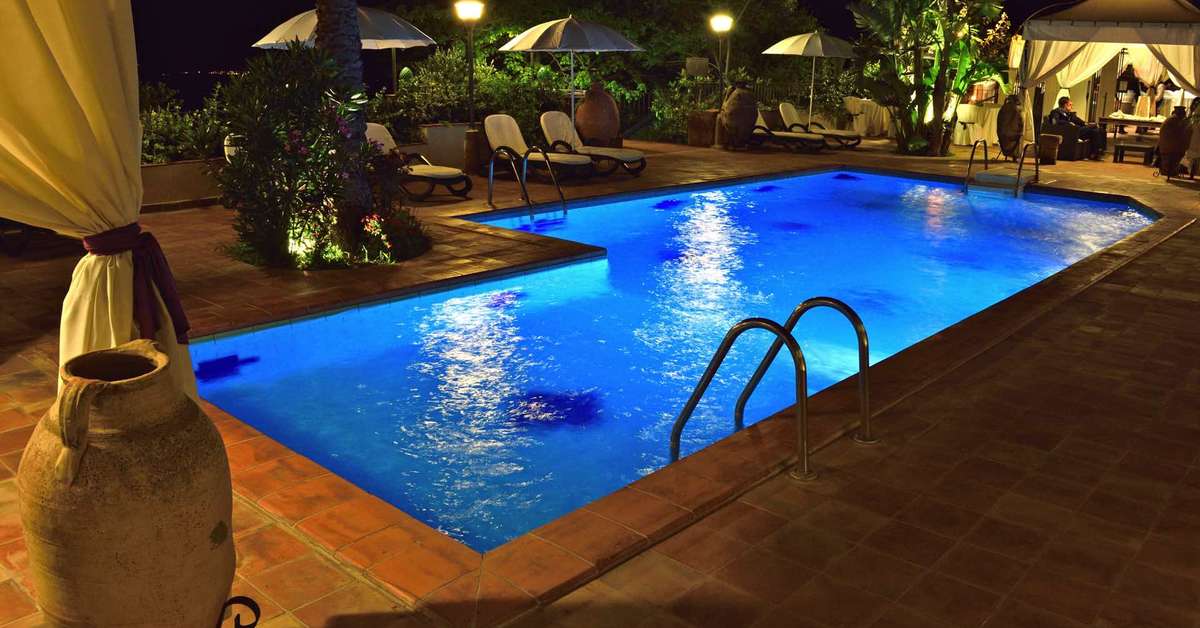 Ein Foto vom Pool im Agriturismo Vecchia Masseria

:::::

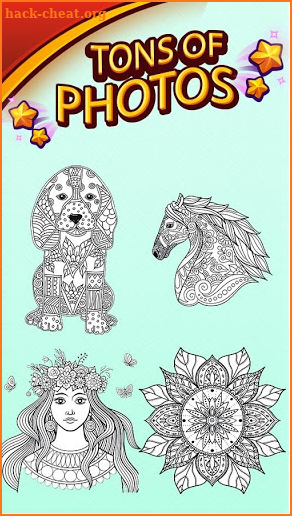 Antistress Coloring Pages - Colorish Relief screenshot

:::::

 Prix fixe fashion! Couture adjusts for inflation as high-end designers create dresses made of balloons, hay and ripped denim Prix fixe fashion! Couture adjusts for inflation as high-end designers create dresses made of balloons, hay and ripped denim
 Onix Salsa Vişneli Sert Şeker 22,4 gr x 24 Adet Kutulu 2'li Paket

:::::

• [About this exercise]: Would you quote everything above from the line containing "ripped denim Prix" down to the line containing "Onix Salsa Vişneli"? Include both of those lines and nothing else.

• [Output for this task]:
 Prix fixe fashion! Couture adjusts for inflation as high-end designers create dresses made of balloons, hay and ripped denim Prix fixe fashion! Couture adjusts for inflation as high-end designers create dresses made of balloons, hay and ripped denim
 Onix Salsa Vişneli Sert Şeker 22,4 gr x 24 Adet Kutulu 2'li Paket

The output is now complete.